This is an automated email from the ASF dual-hosted git repository.
lcwik pushed a commit to branch master
in repository https://gitbox.apache.org/repos/asf/beam.git
The following commit(s) were added to refs/heads/master by this push:
new b896cd5ab6d Improve Integer conversion in BigQueryIO's Storage Write
API method. (#24366)
b896cd5ab6d is described below
commit b896cd5ab6ddd993ae2819ce5f40f43bab707459
Author: Sergei Lilichenko <[email protected]>
AuthorDate: Tue Dec 13 08:54:09 2022 -0800
Improve Integer conversion in BigQueryIO's Storage Write API method.
(#24366)
* Improve Integer conversion in BigQueryIO's Storage Write API method.
* Improve Integer conversion in BigQueryIO's Storage Write API method.
Introduced a dedicated Exception.
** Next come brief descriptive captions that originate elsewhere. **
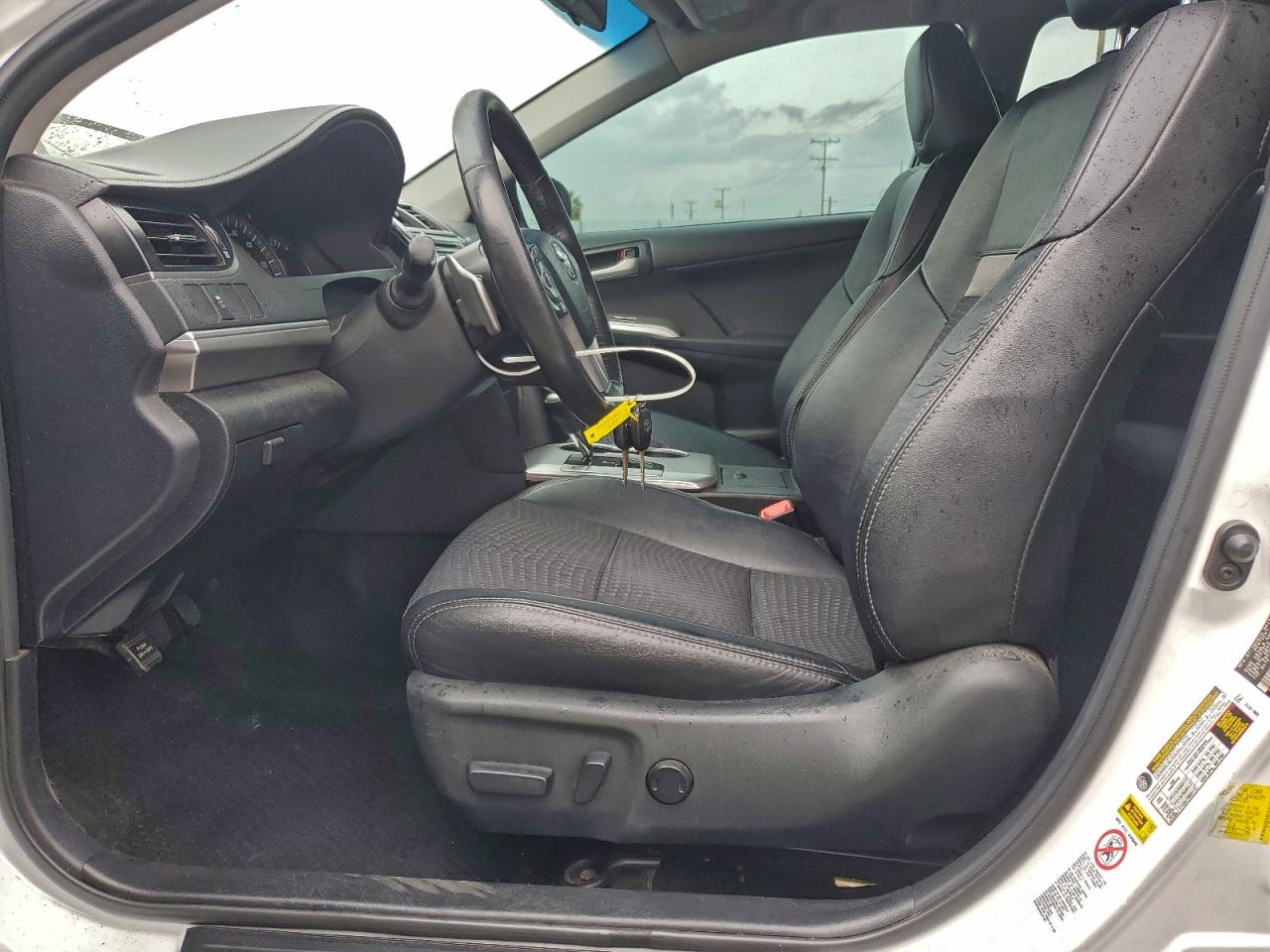 2013 TOYOTA CAMRY L photo 19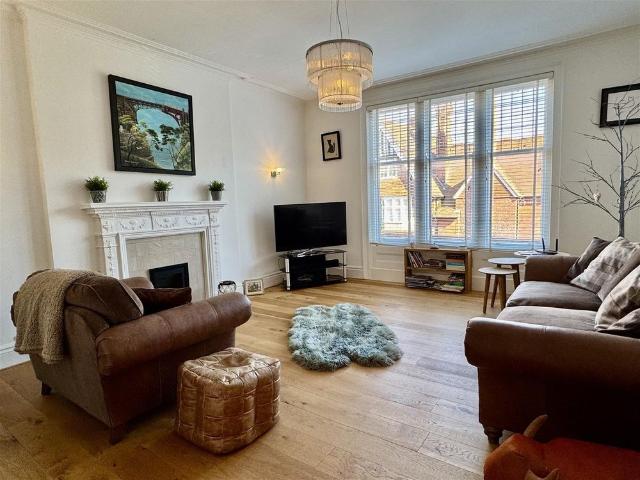 Apartment for rent in South Cliff, Kepwick
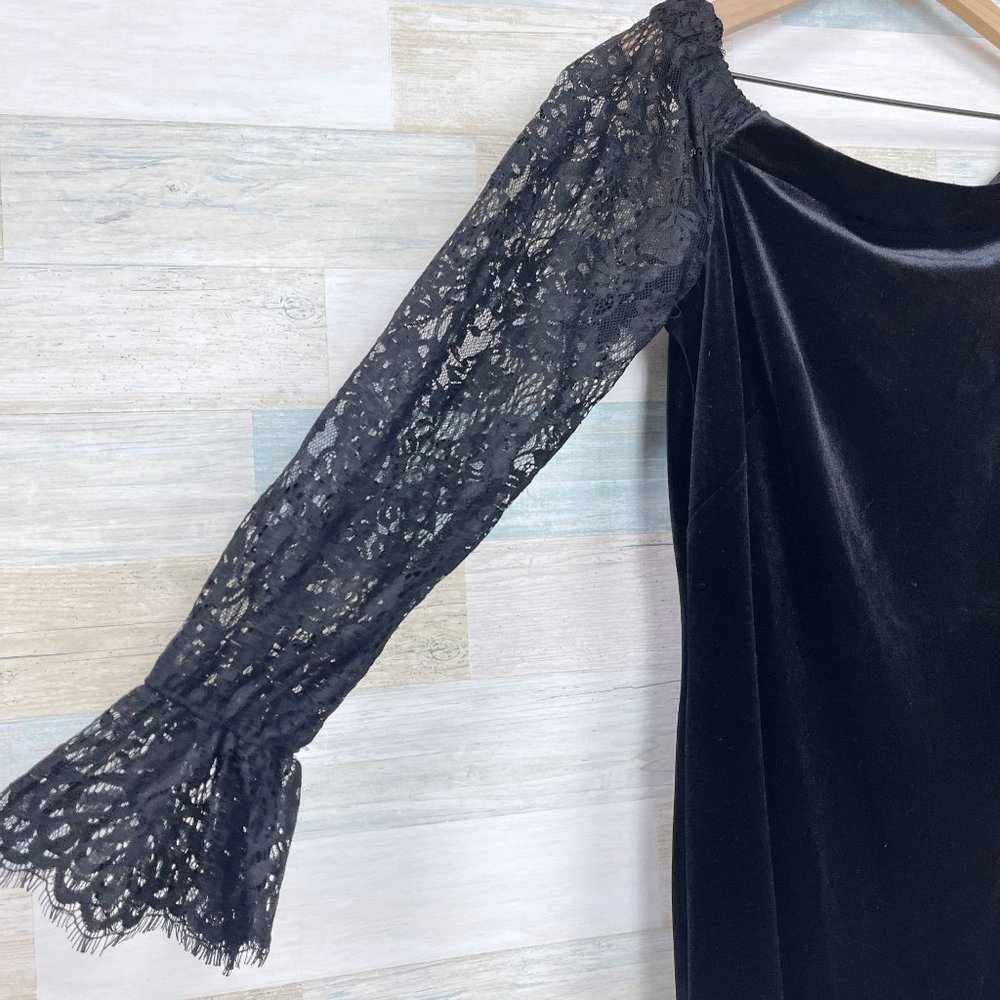 WHBM Off The Shoulder Lace Sleeve Velvet Shift Dress Black Cocktail Womens 6 - Picture 3 of 8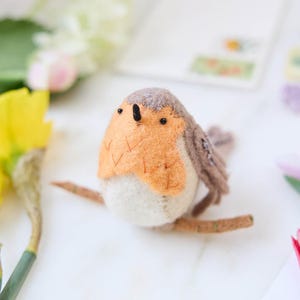 European Robin Ornament, Handmade Bird Keepsake, British Holiday Tree Decor, Felt Christmas Gift, Red-Breasted Robin Charm For Nature Lovers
Improved error messages by capturing the
source failure and reducing message sizes.
* Improve Integer conversion in BigQueryIO's Storage Write API method.
Introduced a dedicated Exception; improved error messages by capturing the
source failure.
* Fixed a minor typo.
* Merged PR with new commits.
* Update
sdks/java/io/google-cloud-platform/src/main/java/org/apache/beam/sdk/io/gcp/bigquery/TableRowToStorageApiProto.java
* Apply suggestions from code review
Apply spotless
* Update
sdks/java/io/google-cloud-platform/src/main/java/org/apache/beam/sdk/io/gcp/bigquery/TableRowToStorageApiProto.java
Co-authored-by: slilichenko <Sergei Lilichenko>
Co-authored-by: Lukasz Cwik <[email protected]>
---
.../io/gcp/bigquery/TableRowToStorageApiProto.java | 46 +++++++++-
.../bigquery/TableRowToStorageApiProtoTest.java | 99 ++++++++++++++++++++++
2 files changed, 142 insertions(+), 3 deletions(-)
diff --git
a/sdks/java/io/google-cloud-platform/src/main/java/org/apache/beam/sdk/io/gcp/bigquery/TableRowToStorageApiProto.java
b/sdks/java/io/google-cloud-platform/src/main/java/org/apache/beam/sdk/io/gcp/bigquery/TableRowToStorageApiProto.java
index cc2dd23b077..19559e75077 100644
---
a/sdks/java/io/google-cloud-platform/src/main/java/org/apache/beam/sdk/io/gcp/bigquery/TableRowToStorageApiProto.java
+++
b/sdks/java/io/google-cloud-platform/src/main/java/org/apache/beam/sdk/io/gcp/bigquery/TableRowToStorageApiProto.java
@@ -36,6 +36,7 @@ import com.google.protobuf.Descriptors.FileDescriptor;
import com.google.protobuf.DynamicMessage;
import com.google.protobuf.Message;
import java.math.BigDecimal;
+import java.math.BigInteger;
import java.math.RoundingMode;
import java.time.Instant;
import java.time.LocalDate;
@@ -82,7 +83,7 @@ public class TableRowToStorageApiProto {
.toFormatter()
.withZone(ZoneOffset.UTC);
- public static class SchemaConversionException extends Exception {
+ abstract static class SchemaConversionException extends Exception {
SchemaConversionException(String msg) {
super(msg);
}
@@ -108,6 +109,29 @@ public class TableRowToStorageApiProto {
}
}
+ public static class SingleValueConversionException extends
SchemaConversionException {
+ SingleValueConversionException(Object sourceValue, SchemaInformation
schema, Exception e) {
+ super(
+ "Column: "
+ + getPrettyFieldName(schema)
+ + " ("
+ + schema.getType()
+ + "). "
+ + "Value: "
+ + sourceValue
+ + " ("
+ + sourceValue.getClass().getName()
+ + "). Reason: "
+ + e);
+ }
+
+ private static String getPrettyFieldName(SchemaInformation schema) {
+ String fullName = schema.getFullName();
+ String rootPrefix = "root.";
+ return fullName.startsWith(rootPrefix) ?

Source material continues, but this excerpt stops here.